Mekta satak kai: *smothers a laugh with one hand*
NYClark2
: ::Laughs:: Is that sort of thing common?
Mekta satak kai: *recovers her whiskey and orders a steak*
Mekta satak kai
: IM: Dinner for Pele and for me. Should work just fine.
NYClark2
: I only started studying the white arts somewhat recently. ::Had recieved none of his orders, place a new order for a bowl of tomato soup::
NYClark2: (( places* ))
Mekta satak kai: (Clark? No one plays the NPCs here. If you want food or anything, you can just get it.)
NYClark2
: (( I know that ))
NYClark2: (( I just mean that he had nothing left over from when he left last time ))
Mekta satak kai: (Ah.)
NYClark2
: (( You might be fine drinking left out drinks. But eating left out eats? ))
OMG Dirty: More common than any self respecting bar patron will like to admit.

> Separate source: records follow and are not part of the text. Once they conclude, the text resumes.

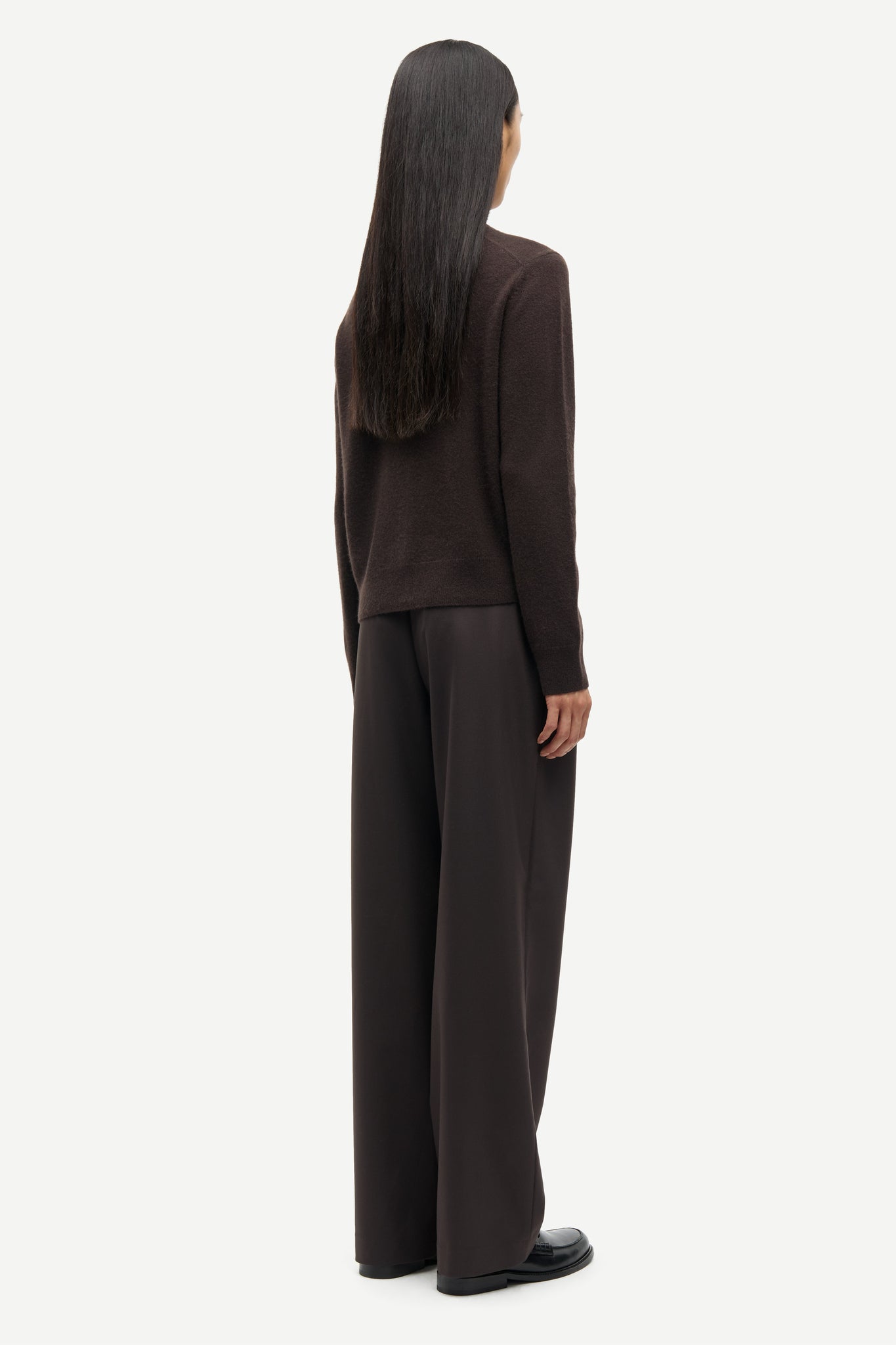 Pure cashmere cardigan in black coffee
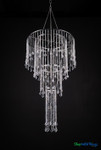 Hanging Beaded Chandelier with Diamond Crystal Beads and Matching Beaded Curtains ShopWildThings.com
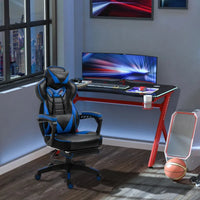 
              Vinsetto Gaming Chair Ergonomic Reclining w/ Manual Footrest Wheels Stylish Office Blue
            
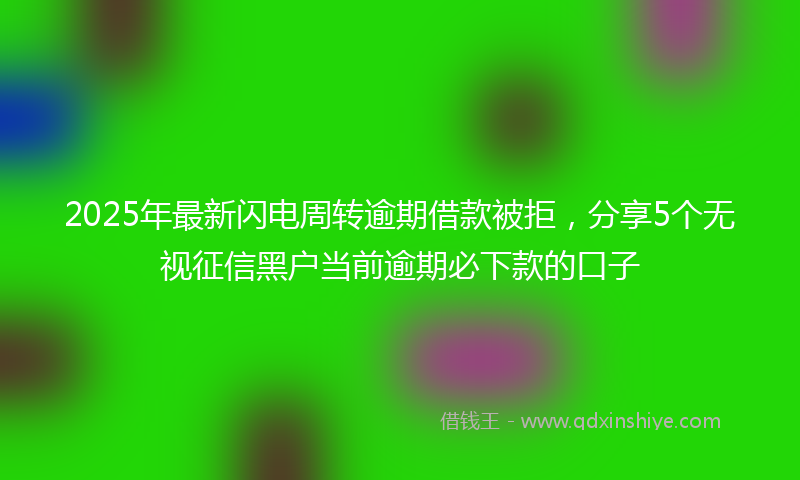 2025年最新闪电周转逾期借款被拒，分享5个无视征信黑户当前逾期必下款的口子
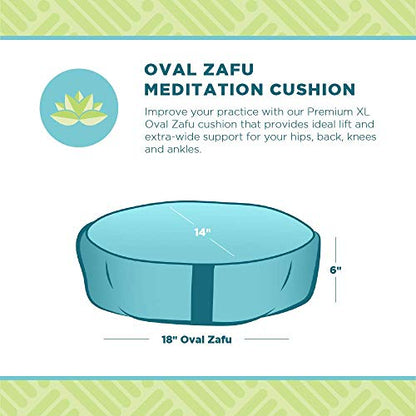 Bean Products Hemp Oval Zafu Meditation Cushion, Yoga Pillow - Blueberry | Heavy Weight Washable Hemp Cover - Buckwheat Hull Filled Inner liner - Zen Floor Sitting Cushion - 14"x18" - color: Hemp Blueberry, size: XL Oval - 14"x18"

Mekta satak kai: *to Josua* Oh? I've been working on it for.... nearly fifteen years. Since I was about ten. I've had some help, and some 'disadvantages' but it's been all right.
OMG Dirty
: ....I'd have to say, 70 percent of the weird shit that's happened recently in my life, has started in a damn watering hole.
NYClark2: Hm... do you think I will be able to make up for the time lost?

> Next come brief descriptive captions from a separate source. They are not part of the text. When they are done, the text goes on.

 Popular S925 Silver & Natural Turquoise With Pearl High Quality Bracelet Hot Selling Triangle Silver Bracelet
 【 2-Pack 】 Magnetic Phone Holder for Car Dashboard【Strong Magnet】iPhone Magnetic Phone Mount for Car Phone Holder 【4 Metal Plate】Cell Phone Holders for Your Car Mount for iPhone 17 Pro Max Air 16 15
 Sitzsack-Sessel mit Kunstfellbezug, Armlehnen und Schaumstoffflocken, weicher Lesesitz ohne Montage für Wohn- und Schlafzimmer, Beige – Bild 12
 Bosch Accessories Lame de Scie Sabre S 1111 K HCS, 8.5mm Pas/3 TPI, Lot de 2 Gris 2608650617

Mekta satak kai: *nods* My circumstances were different. I didn't start getting interested in it until after I died. That was ages ago, though.
Mekta satak kai
: I can't imagine you'll have a problem learning it.
NYClark2
: Died?
Mekta satak kai: I died, and then was reborn later. It's rather a long story, and not very interesting.
OMG Dirty
: *snickers*
Mekta satak kai: *feeds Pele a piece of steak, who eats it. Pele growls and grumbles appreciatively*
OMG Dirty
: On the contrary deaht usually is.
OMG Dirty: ......But, as for stories.
NYClark2: Well, if you say so. ::Recieves his soup and has a couple of spoonfuls::
OMG Dirty: .....What's.....with the....P...Pele, thing, here?

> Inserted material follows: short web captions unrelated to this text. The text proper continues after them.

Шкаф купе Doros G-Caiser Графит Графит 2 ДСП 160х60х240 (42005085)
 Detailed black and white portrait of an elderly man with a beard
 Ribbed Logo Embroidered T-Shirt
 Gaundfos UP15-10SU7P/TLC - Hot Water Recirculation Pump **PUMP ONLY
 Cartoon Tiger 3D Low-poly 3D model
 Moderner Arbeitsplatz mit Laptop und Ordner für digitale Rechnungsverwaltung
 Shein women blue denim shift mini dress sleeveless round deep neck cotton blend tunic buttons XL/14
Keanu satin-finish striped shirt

Mekta satak kai: Ah. *glad for a change of subject* I met him in the park a few months ago. He was badly in need of some healing. I helped him and when I realized that no one else was going to take care of him, I decided he needed a name.
TheWaiChibiAngel
: (SHE decided?)
Mekta satak kai
: So, and this is where the story gets a little odd, a talking duck named Vasquez suggested Pele.
Mekta satak kai
: Seemed very pleased that I took his suggestion, though it was a little difficult to tell as I do not actually speak whatever language Vasquez preferred.
Mekta satak kai
: (She decided, but she didn't name him. Vasquez did, because that duck is cool, yo.)
NYClark2
: That is an interesting, and odd, story.
NYClark2: ::sip sip::
NYClark2: (( Is that one of Zero's characters? ))
OMG Dirty: ......I have met this duck I think.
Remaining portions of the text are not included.